Thursday, April 19, 2018

All in the Family

"Life: It's hardest to impress those who know us best. What unexpected acknowledgment have you experienced from folks who knew you way back when?"  

by Catriona

Topical. My excuse for blogging so late today is that one of my sisters, one of my nieces and one of my great-nephews* are staying with me on a holiday. The time got away from us all.

On the plus side, I just shouted the question to my sister to get the start of an answer. She shouted back thusly:

"Is it an acknowledgement if I say 'Where did it come from and how come you got it all?'?" 
Me: "Hmmm. Not really."
Sister: "Tough. I'm going to sit in the sun and read."

But here's the thing. She's reading Scot Free. So whether she likes it or not, I'm getting validation in spades.

My friends and family reading my books and forgetting I wrote them does it for me every time.

The next best thing probably came from my English teachers. Mrs McVeigh from primary six came to a book launch and said she wasn't the least bit surprised. And the man I've had to learn to call "Stuart" (aka Mr Campbell from high school) even asked my advice about pitching a book he had written. It got published, of course. Because it was brilliant. See here. If his query had been written on a pizza-box lid, in crayon, it would have been published. 
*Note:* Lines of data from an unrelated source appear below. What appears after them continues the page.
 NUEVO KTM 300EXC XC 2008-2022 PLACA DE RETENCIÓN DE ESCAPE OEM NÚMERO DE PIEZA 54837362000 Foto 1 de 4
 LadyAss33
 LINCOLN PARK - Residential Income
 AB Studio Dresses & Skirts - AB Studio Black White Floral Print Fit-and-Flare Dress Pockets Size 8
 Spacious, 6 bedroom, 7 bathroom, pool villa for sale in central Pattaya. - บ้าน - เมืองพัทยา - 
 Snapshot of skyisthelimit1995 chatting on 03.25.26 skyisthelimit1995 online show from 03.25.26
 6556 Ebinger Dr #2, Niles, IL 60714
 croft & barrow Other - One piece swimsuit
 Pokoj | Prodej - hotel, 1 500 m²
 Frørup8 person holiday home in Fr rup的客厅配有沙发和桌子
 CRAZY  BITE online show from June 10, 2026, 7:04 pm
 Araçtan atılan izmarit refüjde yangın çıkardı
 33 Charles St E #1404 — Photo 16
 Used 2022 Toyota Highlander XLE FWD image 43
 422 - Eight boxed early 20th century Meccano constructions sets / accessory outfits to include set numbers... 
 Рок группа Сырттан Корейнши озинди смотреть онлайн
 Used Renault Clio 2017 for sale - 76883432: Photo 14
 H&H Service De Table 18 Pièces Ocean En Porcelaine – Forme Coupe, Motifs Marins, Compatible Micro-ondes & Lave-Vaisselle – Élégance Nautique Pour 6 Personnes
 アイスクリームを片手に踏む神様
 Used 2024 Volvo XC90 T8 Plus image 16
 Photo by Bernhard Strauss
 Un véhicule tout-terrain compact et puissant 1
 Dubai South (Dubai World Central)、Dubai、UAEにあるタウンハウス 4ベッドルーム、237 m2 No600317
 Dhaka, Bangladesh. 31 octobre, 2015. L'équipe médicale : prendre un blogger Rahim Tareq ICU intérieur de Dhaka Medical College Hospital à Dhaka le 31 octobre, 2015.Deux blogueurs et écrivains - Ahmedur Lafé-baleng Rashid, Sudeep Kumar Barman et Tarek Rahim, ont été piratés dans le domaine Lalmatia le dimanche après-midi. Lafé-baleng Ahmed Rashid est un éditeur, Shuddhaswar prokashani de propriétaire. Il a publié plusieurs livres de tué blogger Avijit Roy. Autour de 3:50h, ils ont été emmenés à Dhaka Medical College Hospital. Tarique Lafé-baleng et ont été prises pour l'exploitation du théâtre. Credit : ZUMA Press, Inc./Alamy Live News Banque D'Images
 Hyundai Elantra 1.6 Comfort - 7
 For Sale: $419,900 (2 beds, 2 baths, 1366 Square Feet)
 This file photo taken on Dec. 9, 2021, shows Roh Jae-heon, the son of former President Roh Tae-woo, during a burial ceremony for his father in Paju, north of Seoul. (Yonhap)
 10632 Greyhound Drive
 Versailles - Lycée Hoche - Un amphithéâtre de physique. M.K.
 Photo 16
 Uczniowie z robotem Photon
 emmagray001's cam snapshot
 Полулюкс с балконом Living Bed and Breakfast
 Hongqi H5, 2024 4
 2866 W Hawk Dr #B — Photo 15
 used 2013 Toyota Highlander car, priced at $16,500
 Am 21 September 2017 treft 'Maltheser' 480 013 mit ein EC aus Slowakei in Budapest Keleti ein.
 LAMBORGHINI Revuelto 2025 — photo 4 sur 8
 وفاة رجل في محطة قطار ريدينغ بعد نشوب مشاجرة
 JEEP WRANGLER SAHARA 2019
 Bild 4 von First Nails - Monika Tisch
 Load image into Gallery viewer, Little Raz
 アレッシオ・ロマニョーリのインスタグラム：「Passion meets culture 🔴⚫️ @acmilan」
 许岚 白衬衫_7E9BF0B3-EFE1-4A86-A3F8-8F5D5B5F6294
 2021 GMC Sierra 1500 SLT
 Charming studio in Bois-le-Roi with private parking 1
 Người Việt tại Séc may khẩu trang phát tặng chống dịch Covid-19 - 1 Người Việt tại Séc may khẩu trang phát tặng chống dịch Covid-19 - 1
And since things come in threes, I need to mention the fact that my oldest friend - Catherine, this means you - always asks for a time-of-day rating when I hand over a new standalone.  "Can I read this in bed at night?" she'll say. "Yep," I usually claim. "Maybe not in a thunderstorm or if Olivier's not there." Then some time later I get a phone call reporting nightmares. That's acknowledgement, right? 

I'll say it right here: Catherine, you can read Scot Free at night, in a power cut, by the light of one guttering candle, as the wind howls around the house and twigs scrape at the window. Cx




*Great-Aunt Catriona. I feel old.

2 comments:

James W. Ziskin said...

Nice piece. I believe the rule is that one can write a query letter in crayon on a pizza box, but only in black.

Paul D. Marks said...

It is weird when we switch from calling someone Mr./Mrs. XXX to Stuart, isn't it? Fun piece, Catriona.